START RECORD SET
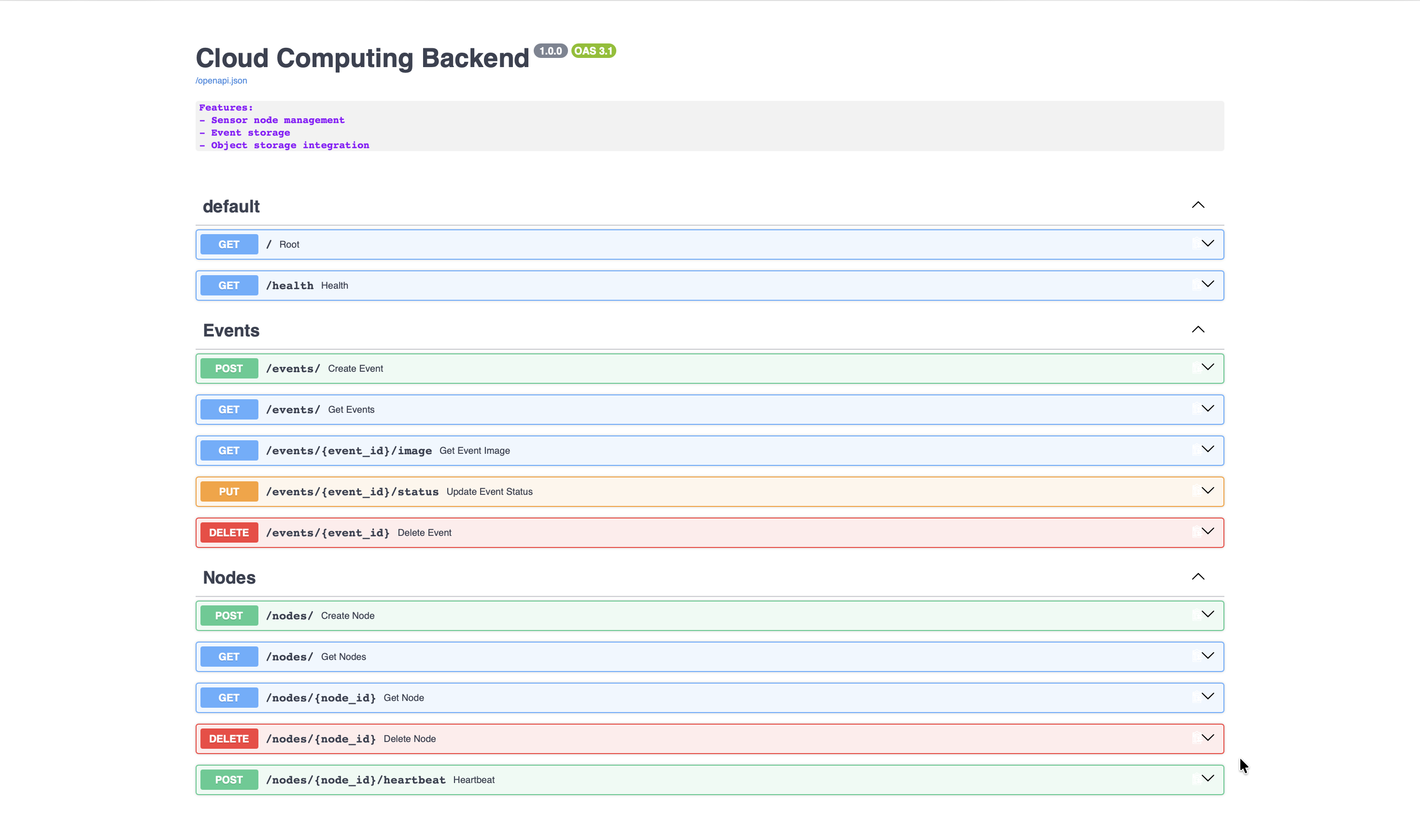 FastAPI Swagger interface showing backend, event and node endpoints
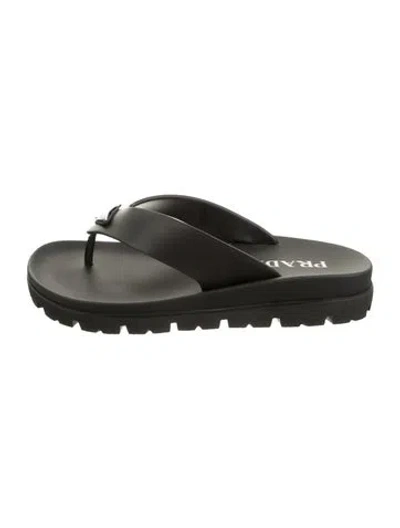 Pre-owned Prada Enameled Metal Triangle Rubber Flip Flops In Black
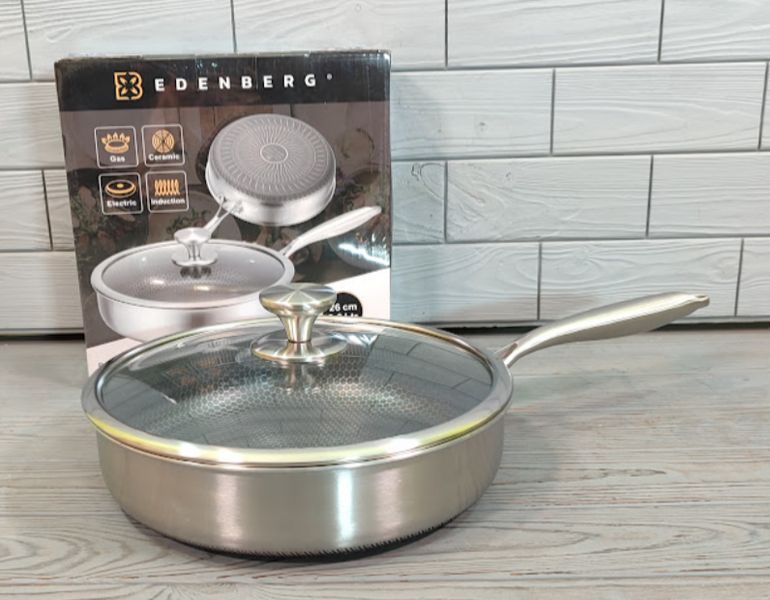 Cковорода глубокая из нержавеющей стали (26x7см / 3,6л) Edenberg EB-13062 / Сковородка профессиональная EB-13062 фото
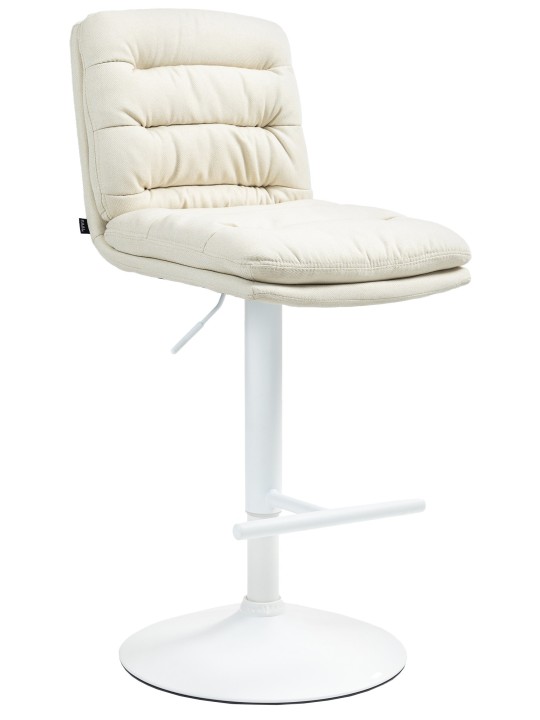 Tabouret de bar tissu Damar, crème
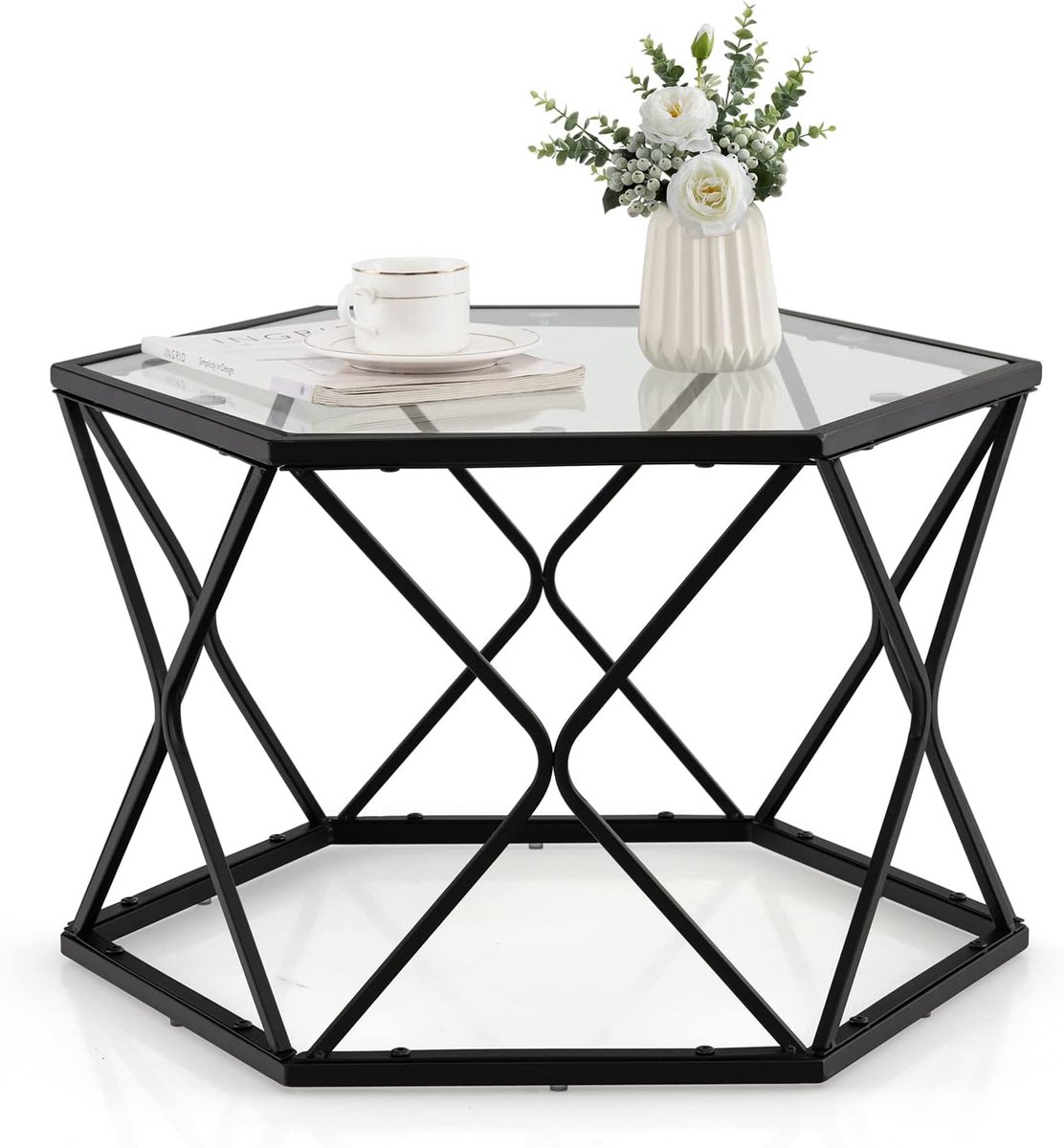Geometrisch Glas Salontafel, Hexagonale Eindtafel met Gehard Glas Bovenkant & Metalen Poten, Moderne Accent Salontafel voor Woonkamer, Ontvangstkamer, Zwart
END RECORD SET
START RECORD SET
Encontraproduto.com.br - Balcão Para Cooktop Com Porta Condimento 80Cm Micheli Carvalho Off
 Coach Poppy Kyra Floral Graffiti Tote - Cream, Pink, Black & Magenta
END RECORD SET
Up in the listing, locate the line with "FastAPI Swagger interface"; print it and every line after it down to the line with "Geometrisch Glas Salontafel, Hexagonale", which is included too. Skip the pictures.

OUTPUT FOR THIS EXERCISE
 FastAPI Swagger interface showing backend, event and node endpoints
 Pre-owned Prada Enameled Metal Triangle Rubber Flip Flops In Black
 Cковорода глубокая из нержавеющей стали (26x7см / 3,6л) Edenberg EB-13062 / Сковородка профессиональная EB-13062 фото
 Tabouret de bar tissu Damar, crème
Geometrisch Glas Salontafel, Hexagonale Eindtafel met Gehard Glas Bovenkant & Metalen Poten, Moderne Accent Salontafel voor Woonkamer, Ontvangstkamer, Zwart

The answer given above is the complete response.